An off-duty Pasadena police officer was shot and killed at an ex-girlfriend's house in Palmdale early Monday morning during a fight with one of her friends, said Los Angeles County sheriff's investigators.
The officer, 40-year-old Corneal Howard Milloy of Azusa, was the father of three daughters, ages 3, 12 and 21, and had been with the Pasadena Police Department for 12 years, according to family and friends. Milloy, who worked in the Patrol Division, had received numerous citizen and department commendations, Police Lt. Rick Sandoval said.
"He was a fun guy to work with," he said. "This is a great loss for the department."
Authorities arrested Marcus Leron Powell, 27, of Los Angeles on suspicion of murder. He was being held in lieu of $1 million bail.
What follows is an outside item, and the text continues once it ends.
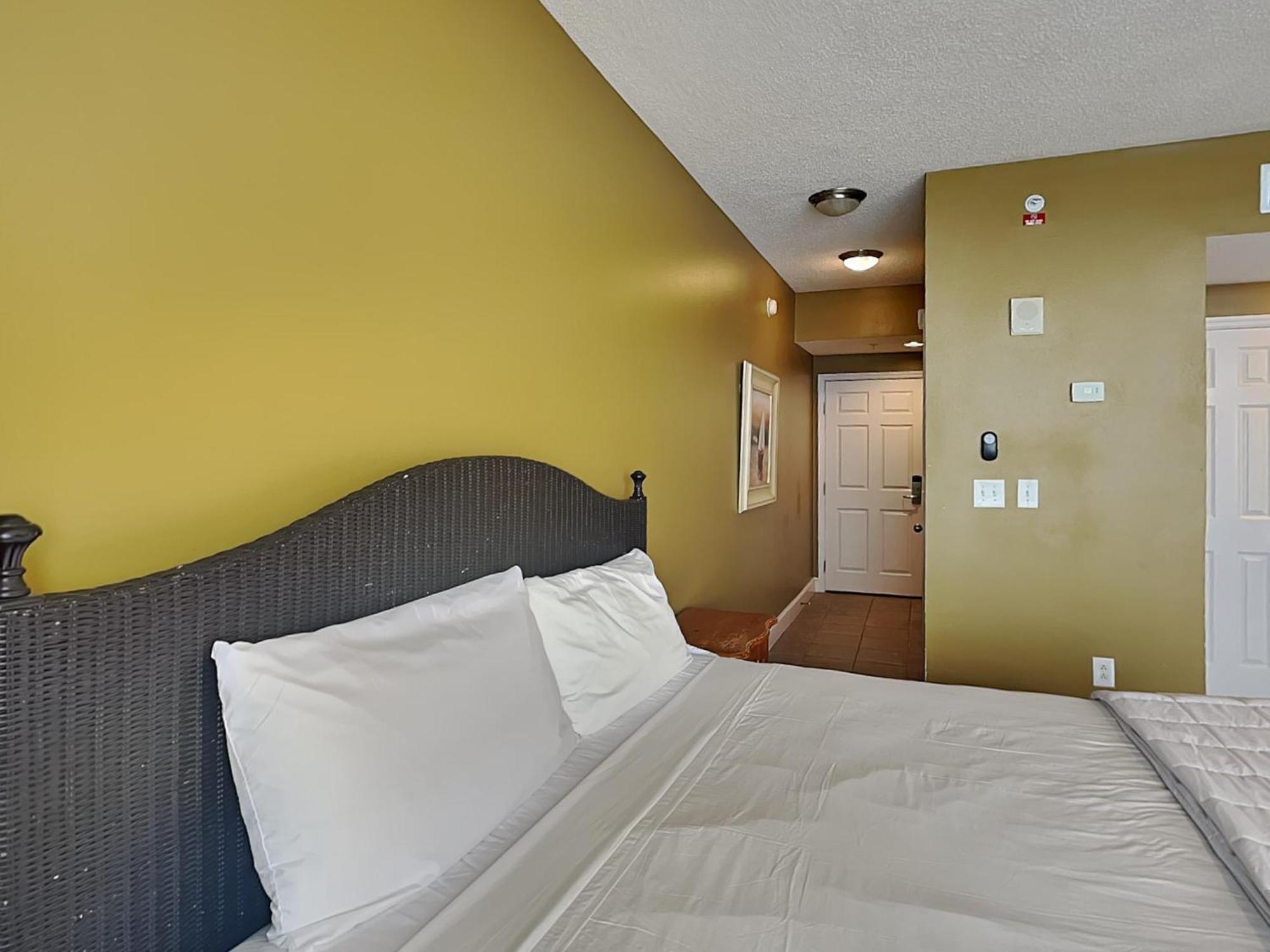 Majestic Towers I 1509 Apartment *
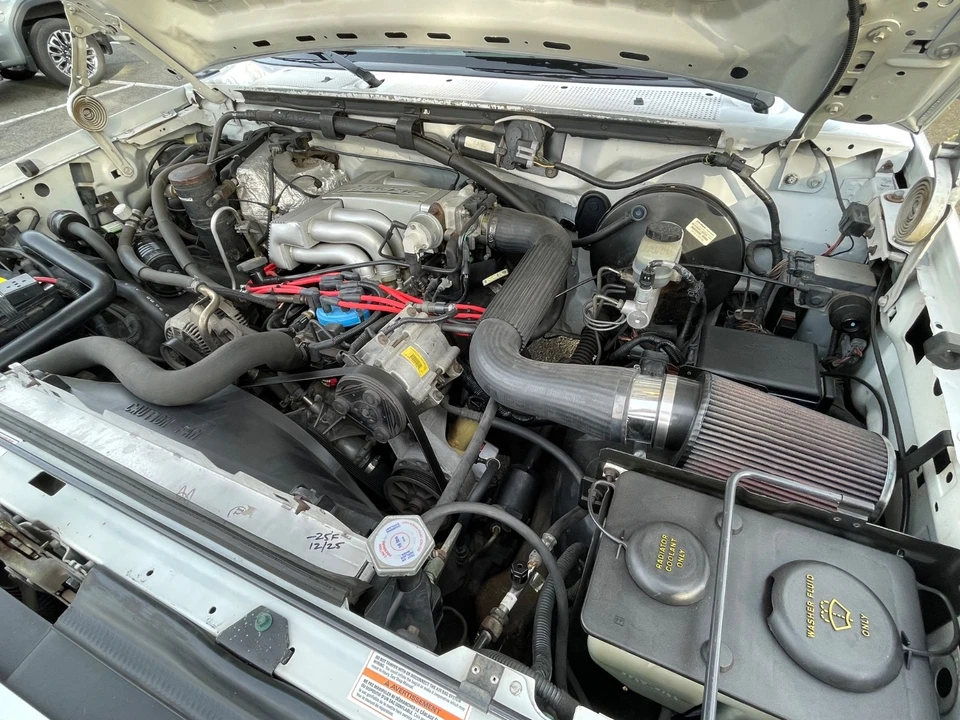 1995 Ford F-150 SVT Lightning 9th Gen - Image 16 of 21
The shooting occurred about 6:20 a.m. during a domestic dispute at a house in the 40300 block of Castana Lane in Palmdale.
Milloy was arguing with his former girlfriend when Powell tried to intervene, sheriff's detectives said. What triggered the violence is unclear but investigators say Milloy was shot at least once and Powell fled. Powell was later found at his apartment in Los Angeles, where he surrendered to police.
Sheriff's investigators did not release the name of the former girlfriend.
In Azusa, Milloy's sister, Ruth Perry, one of his eight siblings, had a difficult time comprehending his death.
"I don't believe it," said Perry, who had been staying with her brother. "It's a shock that I can't describe."
She said Milloy grew up in Pasadena and aspired to be a police officer. He graduated from Pasadena High School and attended college in Iowa. He was an athlete who excelled at the Police Olympics, where he played football and ran track. Most recently, he coached a girls softball team in Pasadena and took up golf.
Police Chief Bernard Melekian said Milloy was the first Pasadena officer slain since 1969.
"This loss is a tragic one for us," Melekian said. "The officer was well-respected within the department and well-liked by the community."
Officials said the department's 350 employees were informed by telephone about Milloy's death. Crisis counselors and a chaplain also were called in to help employees cope with the loss.
The department also rallied around the victim's family. "We want to make sure the family is taken care of and assist them in any way possible," Sandoval said.